Information supplied:
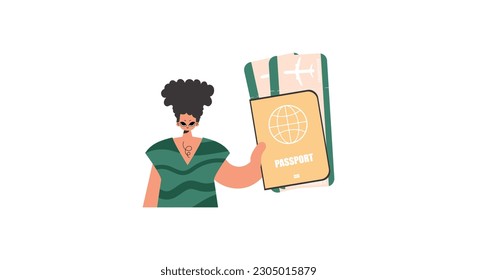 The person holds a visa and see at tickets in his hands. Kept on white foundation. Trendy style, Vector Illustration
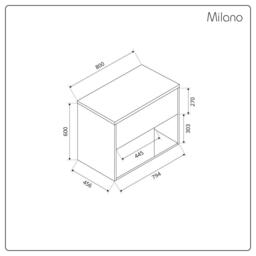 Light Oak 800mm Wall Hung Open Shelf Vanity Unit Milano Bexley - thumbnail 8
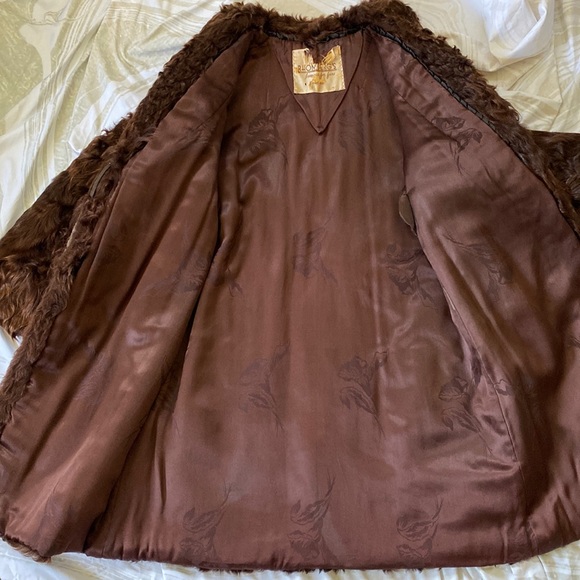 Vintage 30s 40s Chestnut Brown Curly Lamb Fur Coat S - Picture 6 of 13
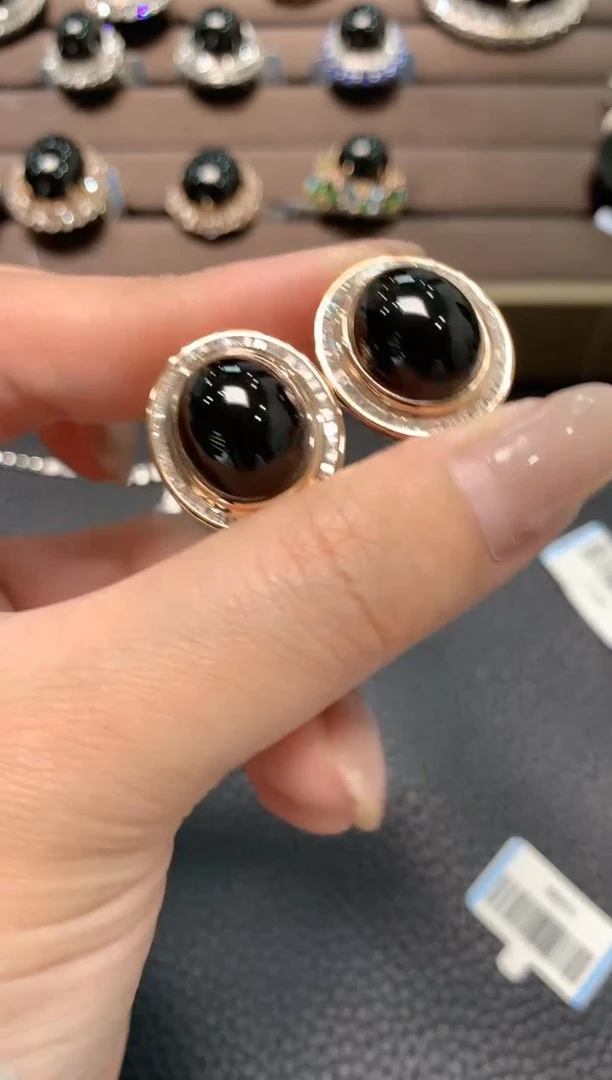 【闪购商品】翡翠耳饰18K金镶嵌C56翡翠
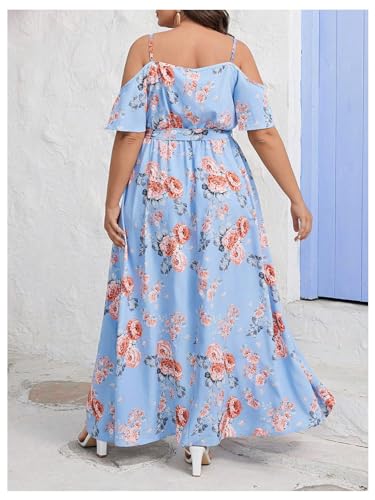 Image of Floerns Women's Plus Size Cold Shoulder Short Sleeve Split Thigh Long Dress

Task directions:
Print every line of the listing exactly, please, and leave the images out.

Response to this task:
 The person holds a visa and see at tickets in his hands. Kept on white foundation. Trendy style, Vector Illustration
 Light Oak 800mm Wall Hung Open Shelf Vanity Unit Milano Bexley - thumbnail 8
 Vintage 30s 40s Chestnut Brown Curly Lamb Fur Coat S - Picture 6 of 13
 【闪购商品】翡翠耳饰18K金镶嵌C56翡翠
 Image of Floerns Women's Plus Size Cold Shoulder Short Sleeve Split Thigh Long Dress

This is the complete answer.